### Connect Google Drive

In [1]:
from google.colab import drive
drive.mount('/content/drive')

Mounted at /content/drive


Put your path below

In [2]:
!cd '/content/drive/MyDrive/AIISC-Internship/text-based-object-discovery'

In [3]:
PATH = '/content/drive/MyDrive/AIISC-Internship/text-based-object-discovery'

### Install Required Packages

`Stanza`, Stanford NLP Package benefits from `GPU` so enable it under `View Resources > Change runtime type`

In [4]:
!nvidia-smi -L

GPU 0: Tesla T4 (UUID: GPU-e828474e-b398-61fc-5443-1c2fc67b6ddb)


In [5]:
%%capture
!pip install stanza # for stanford pos tagger
!pip install ftfy regex tqdm
!pip install datasets

### Load Necessary Libraries

We will load the necessary libraries required for generating DAAM outputs for input prompts.

In [6]:
# General
import os
import gc
import json
import time
from tqdm import tqdm

# Plotting
from matplotlib import pyplot as plt

# Data-Handling
import numpy as np
import pandas as pd
from datasets import load_dataset
from pycocotools.coco import COCO

# Model Handling
import torch

# Caption-Processing
from nltk.corpus import stopwords

Download the stopwords for removing stopwords

In [7]:
import nltk
nltk.download('stopwords')
nltk.download('wordnet')
nltk.download('punkt')
nltk.download('omw-1.4')
nltk.download('averaged_perceptron_tagger')

[nltk_data] Downloading package stopwords to /root/nltk_data...
[nltk_data]   Unzipping corpora/stopwords.zip.
[nltk_data] Downloading package wordnet to /root/nltk_data...
[nltk_data] Downloading package punkt to /root/nltk_data...
[nltk_data]   Unzipping tokenizers/punkt.zip.
[nltk_data] Downloading package omw-1.4 to /root/nltk_data...
[nltk_data] Downloading package averaged_perceptron_tagger to
[nltk_data]     /root/nltk_data...
[nltk_data]   Unzipping taggers/averaged_perceptron_tagger.zip.


True

In [8]:
# POS-Tagging
import stanza
stanza.download('en')

Downloading https://raw.githubusercontent.com/stanfordnlp/stanza-resources/main/resources_1.4.1.json:   0%|   …

INFO:stanza:Downloading default packages for language: en (English) ...


Downloading https://huggingface.co/stanfordnlp/stanza-en/resolve/v1.4.1/models/default.zip:   0%|          | 0…

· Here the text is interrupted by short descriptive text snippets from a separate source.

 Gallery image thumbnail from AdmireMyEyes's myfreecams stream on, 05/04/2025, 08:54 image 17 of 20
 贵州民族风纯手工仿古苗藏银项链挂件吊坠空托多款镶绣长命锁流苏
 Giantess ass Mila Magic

INFO:stanza:Finished downloading models and saved to /root/stanza_resources.


### Load Data

Below, we load the `LAION-2B` dataset with the URL and captions in streaming mode to prevent downloading over `350 GB` of data. There is only `train` split available.

In [9]:
dataset = load_dataset('laion/laion2B-en', split='train', streaming=True)

Downloading readme:   0%|          | 0.00/30.0 [00:00<?, ?B/s]

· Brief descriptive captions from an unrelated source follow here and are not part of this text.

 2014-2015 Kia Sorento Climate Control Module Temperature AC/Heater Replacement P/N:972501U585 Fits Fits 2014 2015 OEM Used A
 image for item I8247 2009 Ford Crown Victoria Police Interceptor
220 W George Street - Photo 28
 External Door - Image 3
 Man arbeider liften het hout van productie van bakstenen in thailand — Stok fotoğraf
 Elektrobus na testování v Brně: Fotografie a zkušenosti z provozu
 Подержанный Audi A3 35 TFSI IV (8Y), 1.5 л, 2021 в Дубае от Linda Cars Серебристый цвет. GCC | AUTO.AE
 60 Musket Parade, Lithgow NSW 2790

For faster processing, I group the data in batches. Choosing `batch_size=10000`.

In [10]:
BATCH_SIZE = 10000 # SAVE_AFTER = BATCH_SIZE i.e. after processing these many prompts we will save the results.

In [11]:
# For processing data in batches
def group_batch(batch):
  return {k: [v] for k, v in batch.items()}
data = dataset.map(group_batch, batch_size=BATCH_SIZE, batched=True, remove_columns=['SAMPLE_ID', 'URL', 'HEIGHT', 'WIDTH', 'LICENSE', 'NSFW', 'similarity'])

We will look at the captions in the Caption Processing part together with the cleaned captions.

### Caption Processing

Cleaning the prompts. I adopt few ways to clean the prompt:
- Lower Case Conversion
- Tokenization
- Remove stop words
- Remove non-alphabets
- Keep only nouns
- Lemmatization (to store the object name)
- Discard any lemma/word with non-alphabet characters. (As `LAION` has lots of noise)

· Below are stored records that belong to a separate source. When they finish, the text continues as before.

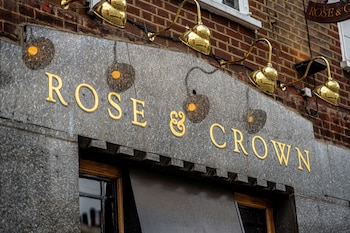 publove the rose and crown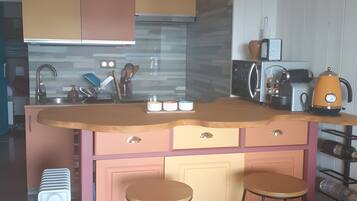 Kühlschrank, Mikrowelle, Herdplatte, Wasserkocher mit Kaffee-/Teezubehör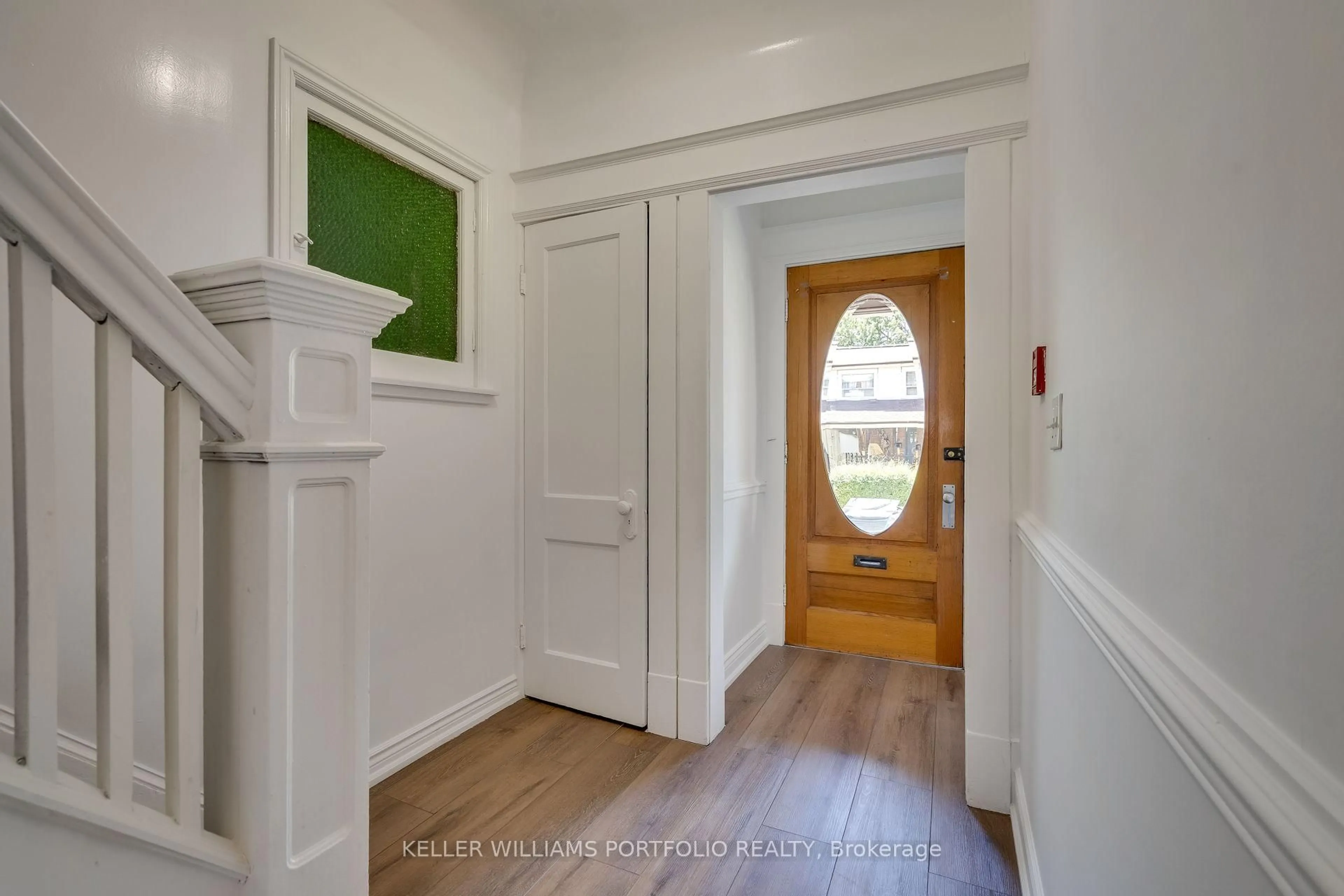 Indoor entryway for 65 Westholme Ave, Toronto Ontario M6P 3B9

NOTE: You can tweak the following parameters in the `stanza.Pipeline` parameter to use varying amount of Memory.
- `pos_batch_size=6500`

In [23]:
# loads the text processing pipeline
nlp = stanza.Pipeline(lang='en', processors='tokenize,mwt,pos,lemma', tokenize_no_ssplit=True, verbose=True, pos_batch_size=6500)

# treebank-specific POS (XPOS) tags to keep, other POS tagged tokens will not be retained
keep_pos_tags = ['NN', 'NNS', 'NNP', 'NNPS']

# Stopwords
stpwords = set(stopwords.words('english'))

# extract parts of speech
def extract_pos(doc):
  parsed_text = list()
  for sent in doc.sentences:
    parsed_sent = list()
    for wrd in sent.words:
      #extract text and pos
      parsed_sent.append((wrd.text, wrd.xpos))
    parsed_text.append(parsed_sent)
  return parsed_text

# extract lemma
def extract_lemma(doc):
  parsed_text = list()
  for sent in doc.sentences:
    parsed_sent = list()
    for wrd in sent.words:
      # extract text and lemma
      parsed_sent.append((wrd.text, wrd.lemma))
    parsed_text.append(parsed_sent)
  return parsed_text

def clean_prompt(sentences):
  # convert the sentences to lower case
  sentences_lc = [sentence.lower() for sentence in sentences]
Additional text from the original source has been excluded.